A loose federation of missions, virtual observatories and resident archives is illustrated in the heliophysics data environment. A common data model and inter lingua (SPASE) allows cross discipline interaction. A few concepts such as time bases and simple tools provide the structure to agree on working formats in a few areas. The idea of having archives as publishing houses also was discussed since the web now allows instant exposure of the data but no implication about quality. DOI and other identifiers remove ambiguity and can be offered by archives, societies, and commercial entities.
The panel discussion showcased how this goal was fast evolving and must be customized for users in their respective scientific communities.
This session had three presentations from working archives and how they were streamlining the input from data providers. Andrew Davis spoke on Integrating an ACE Science Data Center and SAMPEX Resident Archive into the Emerging Virtual Observatory System: Practical Experience and Perspectives, Bruce Berriman spoke on Best Practices in Ingestion and Data Access at the InfraRed Processing and Analysis Center, and Dan Kowal spoke on Applying Submission Agreements to Long Existing Data Flows - A NOAA Story.
There are a few lessons learned that can make the job of the data provider easier.
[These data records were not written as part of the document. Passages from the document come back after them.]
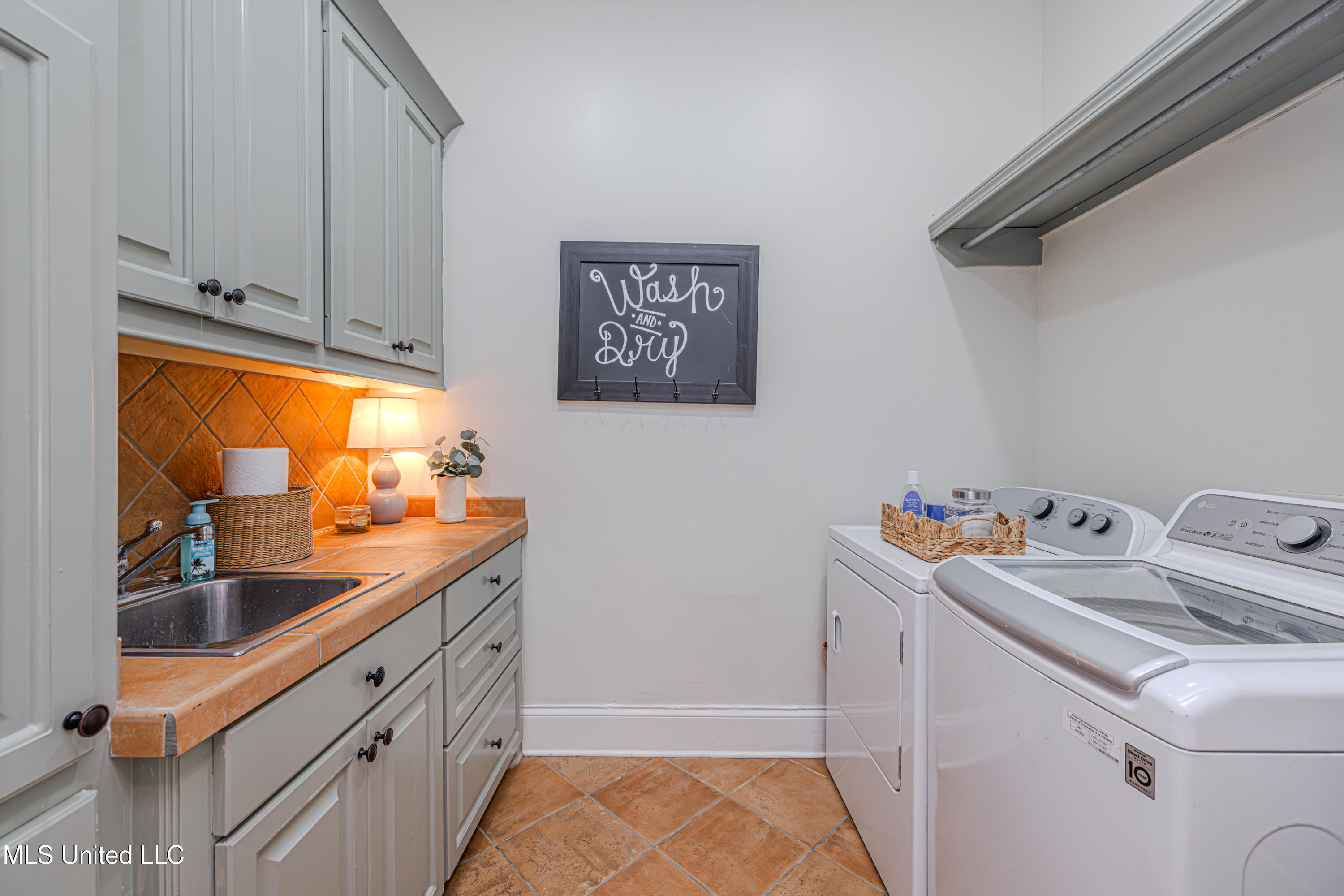 Madison, Mississippi 39110, United States, 4 Bedrooms Bedrooms, ,3 BathroomsBathrooms,Residential,Active,215529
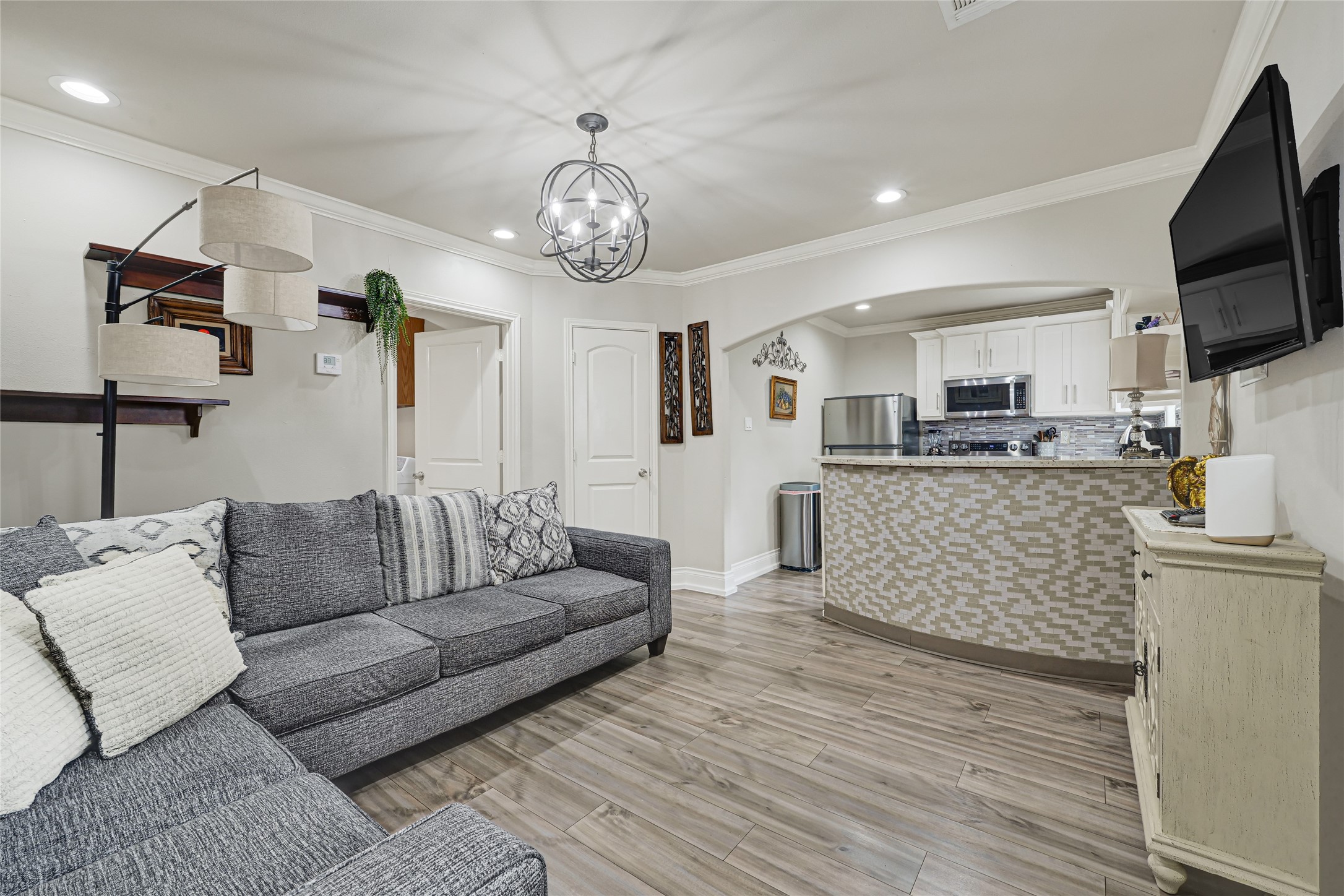 2809 Tooke Street Houston, TX 77023 - Photo 27 of 50 a view of living room kitchen with furniture and flat screen tv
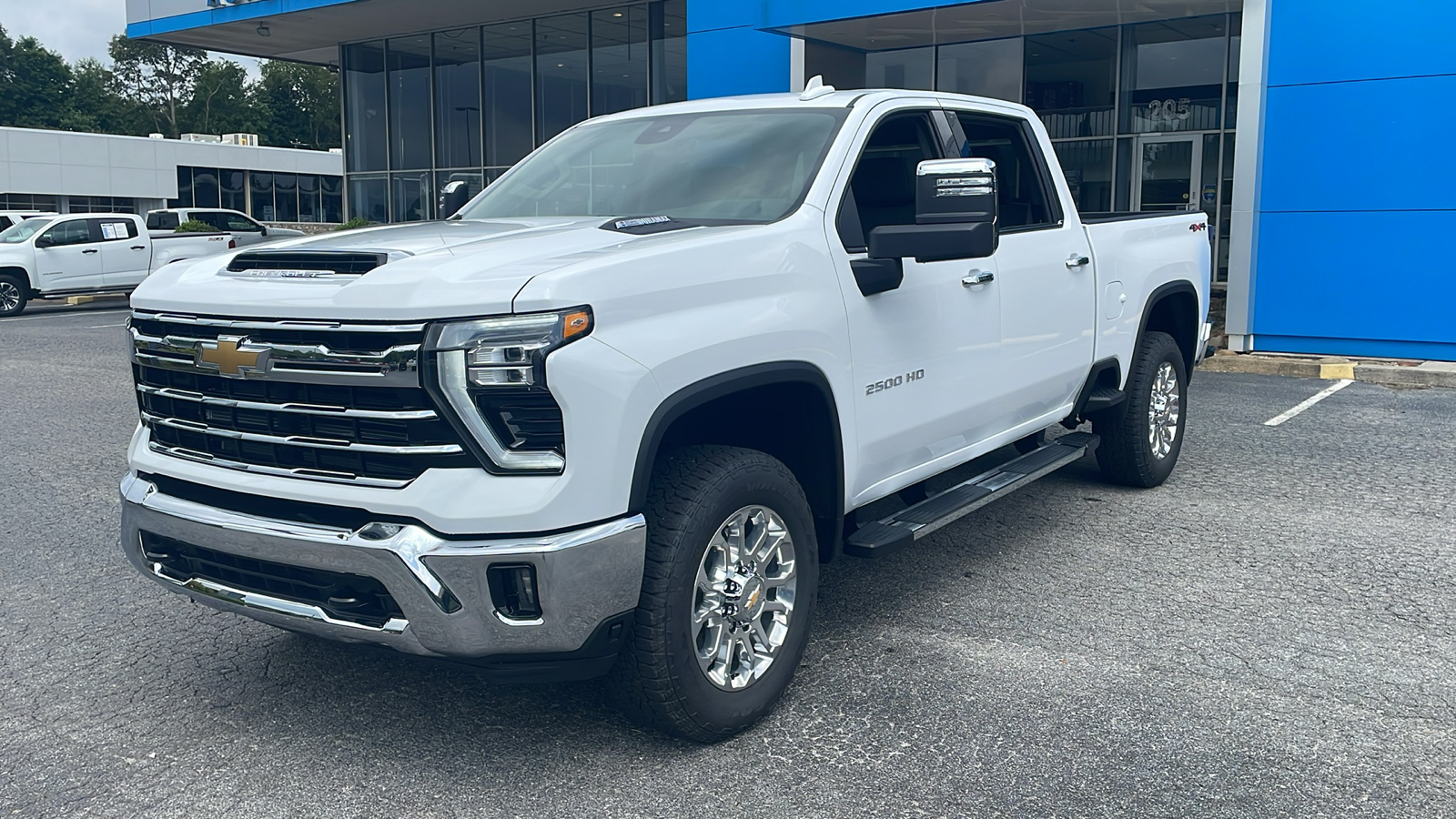 2024 Chevrolet Silverado 2500HD LTZ 12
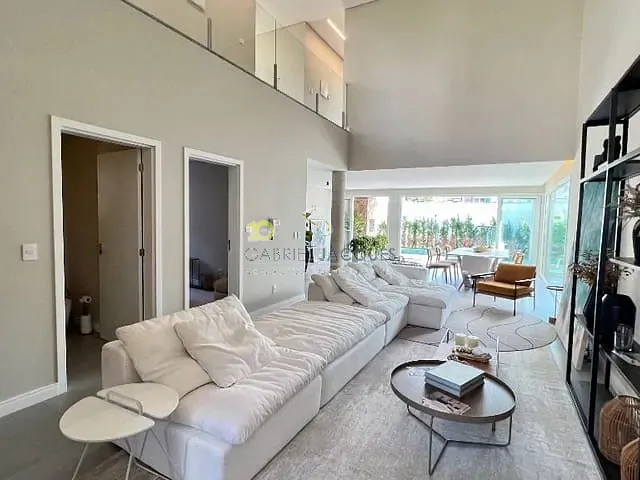 Casa com 360m² 4 quartos e 5 banheiros, à venda, no bairro Cidade Universitária Pedra Branca em Palhoça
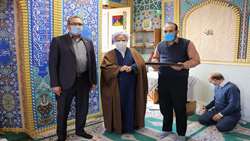 از رزمندگان و ایثارگران شاغل در ستاد مرکزی دانشگاه تجلیل شد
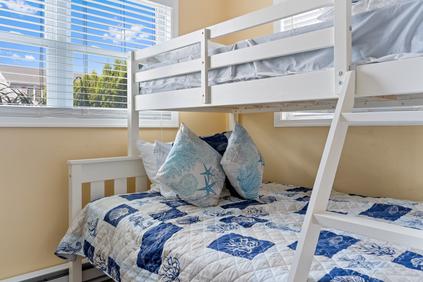 Photo of 12318 Snug Harbor Road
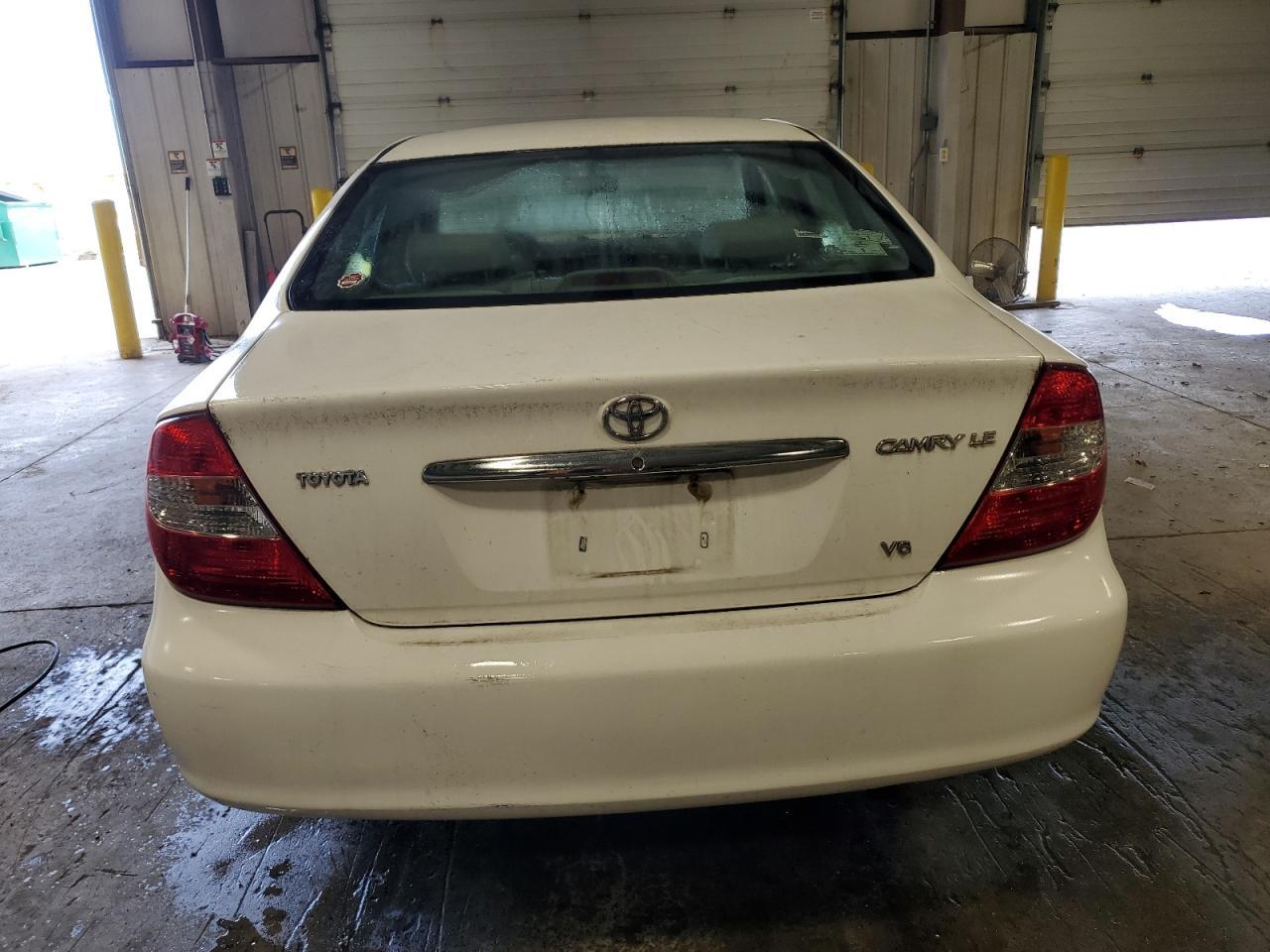 2004 Toyota Camry Le V6 - Фото 6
First, during the ingestion process, make sure that an outline of the submission agreement or package is clearly understood. The rule of thumb is that it is essential to make the data useable and combinable from the start. Second, the provider needs to follow community standards on formats but the archive must make its usability criteria known. The goal is to produce well-documented data that is then bundled with the final product. Third, the archive needs to respond to the user community through a set of tools that guide it in setting the services available. These tools need to be modular so they can be reused or modified for later submissions.
All agreed that you can't start early enough.
A poster summary is given in Appendix A. It contains a short summary of the posters from notes taken during the poster author's 2-minute presentation.
Rapporteur reports on the poster were prepared by Lou Reich, Kathy Fontaine, and Steve Joy. A summary of those reports appears in Appendix B.
The workshop was favorably received by all that participated and some were quite surprised at how useful it was. The promenance given to posters was appreciated by many and the length and format of the workshop was favorably received. In response to the original goals for the workshop, the following were achieved:
The consensus was that a meeting every 2-3 years would be appropriate and useful, but that more frequent focused meetings on selected topics such as services, formats, or data models should also occur. It was felt that a general WIKI would not be that useful, though focus groups might be.